**Required action:**
An exact reproduction of the records is required, with all images left out.

#####

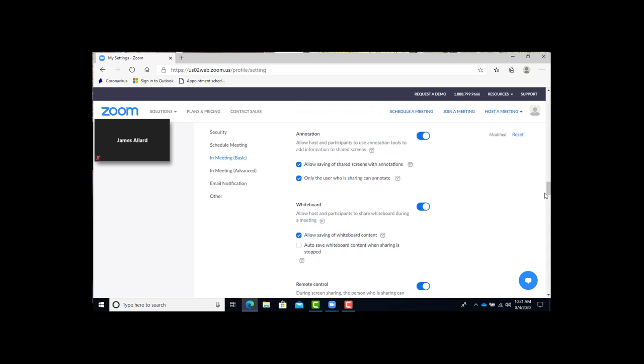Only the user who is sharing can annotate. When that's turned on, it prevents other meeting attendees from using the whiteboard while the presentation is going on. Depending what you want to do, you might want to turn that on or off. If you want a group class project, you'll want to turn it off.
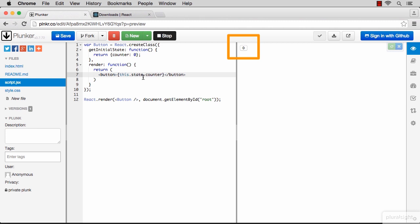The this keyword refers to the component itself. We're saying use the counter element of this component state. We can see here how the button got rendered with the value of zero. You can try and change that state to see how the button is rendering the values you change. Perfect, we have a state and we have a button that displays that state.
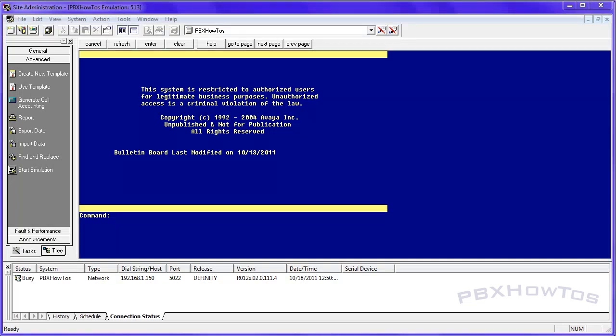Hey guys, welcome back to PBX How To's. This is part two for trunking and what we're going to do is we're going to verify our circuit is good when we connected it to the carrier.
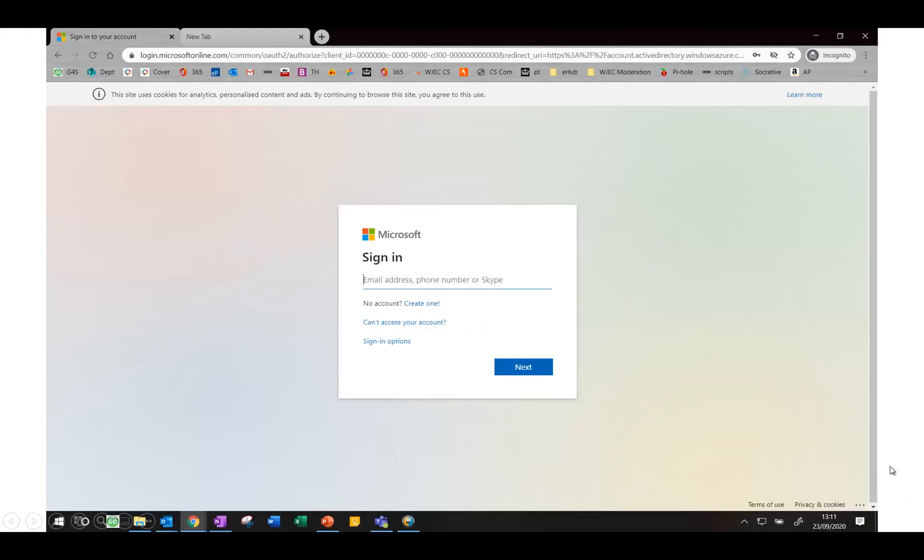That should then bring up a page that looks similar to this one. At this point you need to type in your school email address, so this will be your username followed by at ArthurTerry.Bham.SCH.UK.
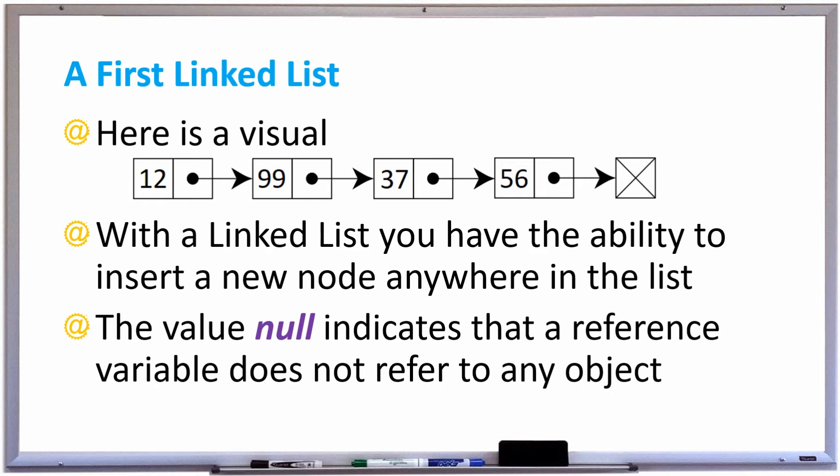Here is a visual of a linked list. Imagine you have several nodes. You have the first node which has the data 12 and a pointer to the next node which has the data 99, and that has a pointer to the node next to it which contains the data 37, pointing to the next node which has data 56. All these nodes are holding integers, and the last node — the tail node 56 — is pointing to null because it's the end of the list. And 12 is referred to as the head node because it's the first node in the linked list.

#####

**Exercise response:**
Only the user who is sharing can annotate. When that's turned on, it prevents other meeting attendees from using the whiteboard while the presentation is going on. Depending what you want to do, you might want to turn that on or off. If you want a group class project, you'll want to turn it off.
The this keyword refers to the component itself. We're saying use the counter element of this component state. We can see here how the button got rendered with the value of zero. You can try and change that state to see how the button is rendering the values you change. Perfect, we have a state and we have a button that displays that state.
Hey guys, welcome back to PBX How To's. This is part two for trunking and what we're going to do is we're going to verify our circuit is good when we connected it to the carrier.
That should then bring up a page that looks similar to this one. At this point you need to type in your school email address, so this will be your username followed by at ArthurTerry.Bham.SCH.UK.
Here is a visual of a linked list. Imagine you have several nodes. You have the first node which has the data 12 and a pointer to the next node which has the data 99, and that has a pointer to the node next to it which contains the data 37, pointing to the next node which has data 56. All these nodes are holding integers, and the last node — the tail node 56 — is pointing to null because it's the end of the list. And 12 is referred to as the head node because it's the first node in the linked list.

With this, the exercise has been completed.